> _Activity_
After locating the line with "Primary Photo - Great" below, output it and each following line exactly, stopping after the line with "Vodafone'dan Beşiktaş Kadın". No pictures.

-------- Data under study --------

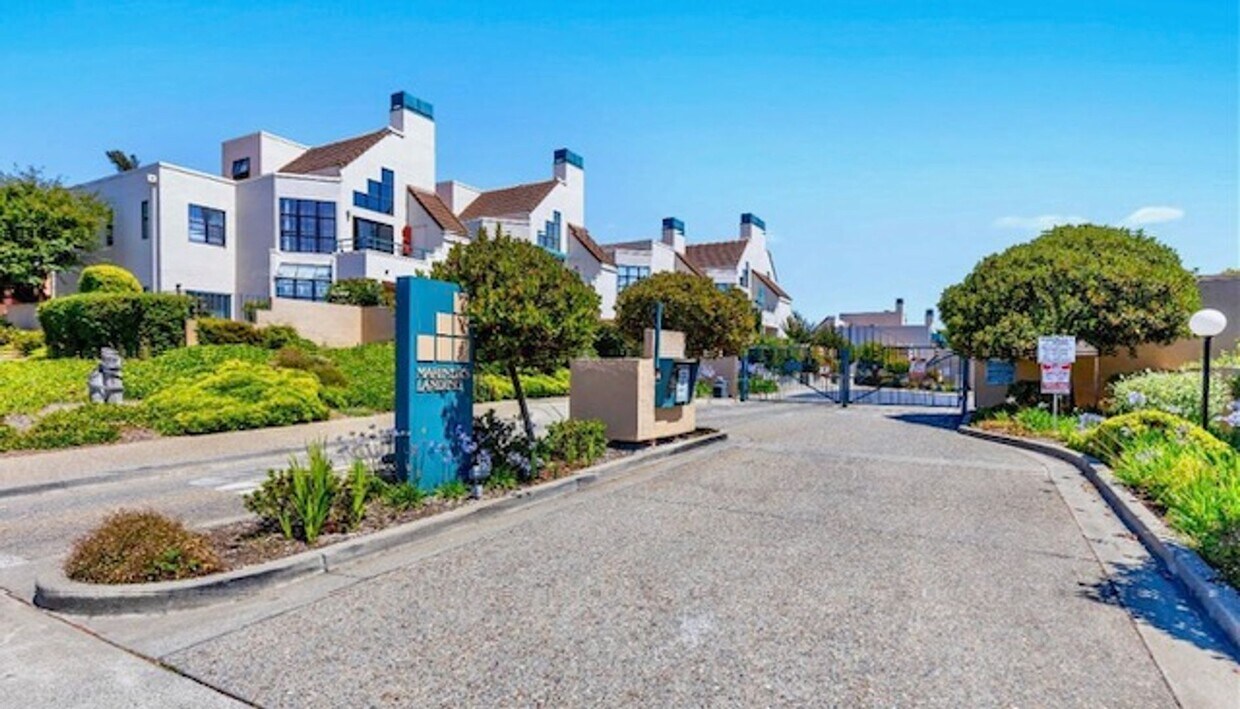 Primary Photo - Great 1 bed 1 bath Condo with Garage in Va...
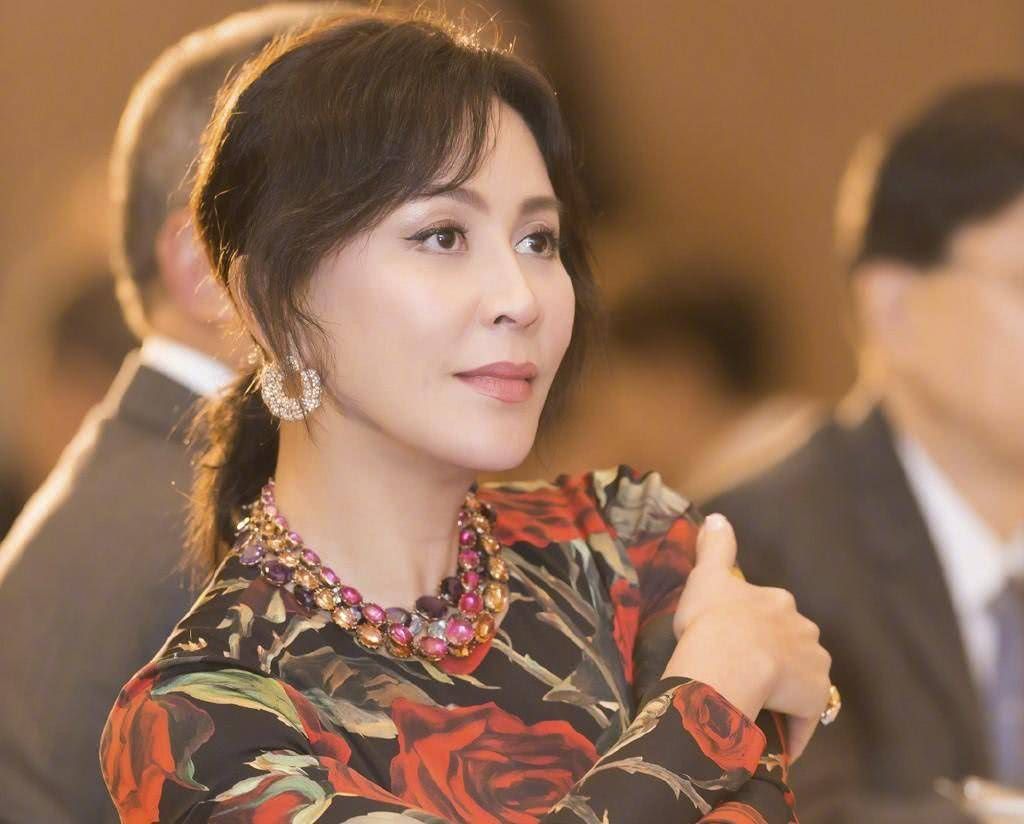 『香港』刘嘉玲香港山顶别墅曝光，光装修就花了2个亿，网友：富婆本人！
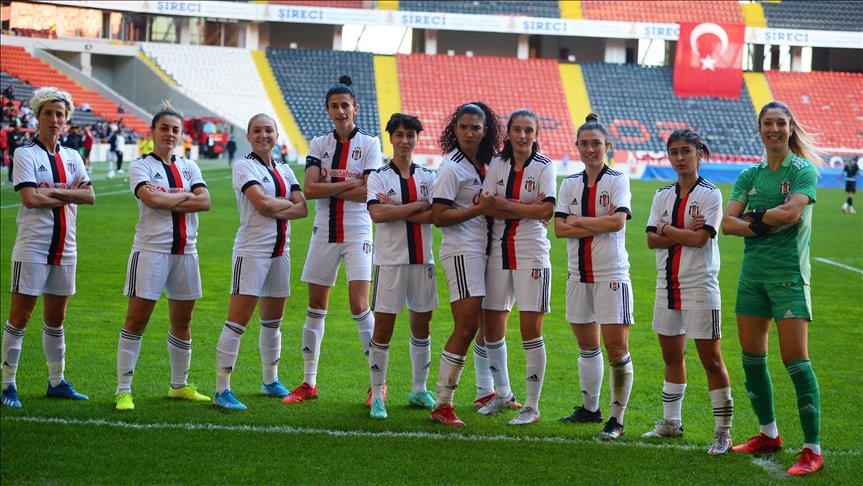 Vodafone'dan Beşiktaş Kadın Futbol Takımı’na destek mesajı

--------
-------- Data under study --------

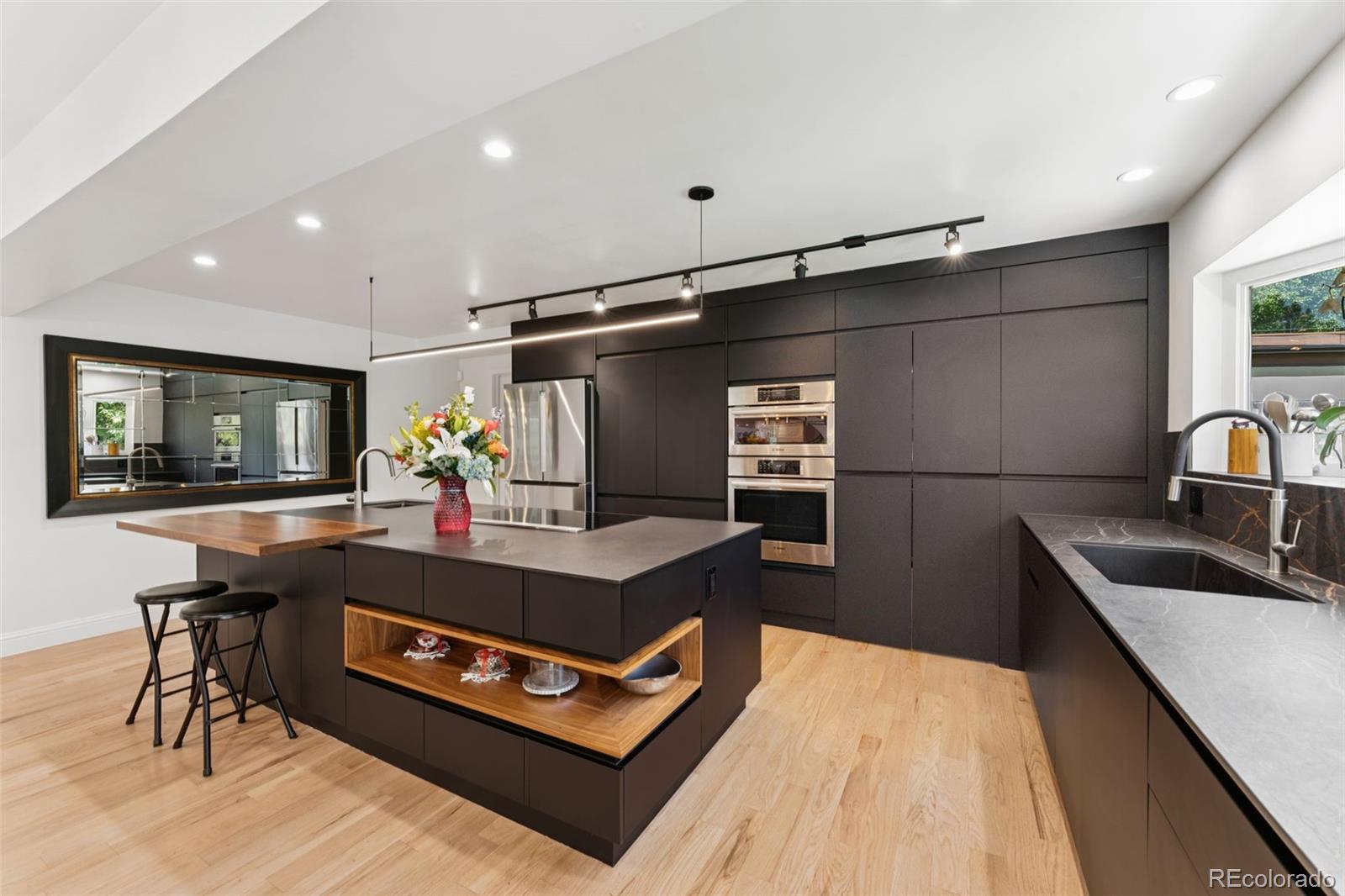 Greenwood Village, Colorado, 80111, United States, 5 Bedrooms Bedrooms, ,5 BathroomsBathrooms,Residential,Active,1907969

--------
-------- Data under study --------

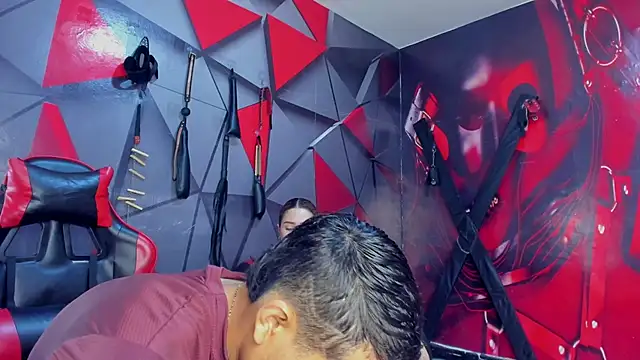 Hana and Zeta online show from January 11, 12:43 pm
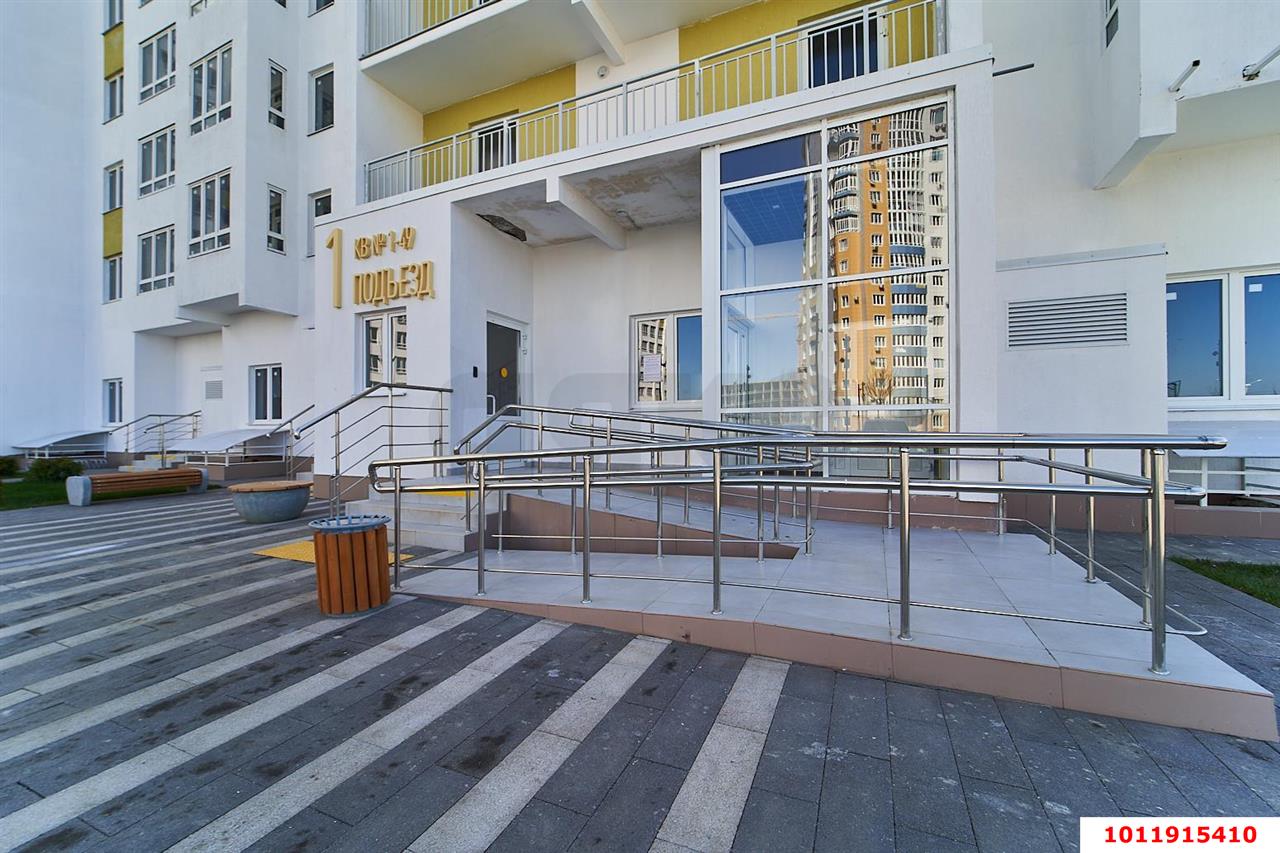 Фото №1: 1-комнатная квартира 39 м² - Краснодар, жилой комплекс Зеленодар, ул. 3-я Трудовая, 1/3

--------

> _Reply to the exercise_
 Primary Photo - Great 1 bed 1 bath Condo with Garage in Va...
 『香港』刘嘉玲香港山顶别墅曝光，光装修就花了2个亿，网友：富婆本人！
 Vodafone'dan Beşiktaş Kadın Futbol Takımı’na destek mesajı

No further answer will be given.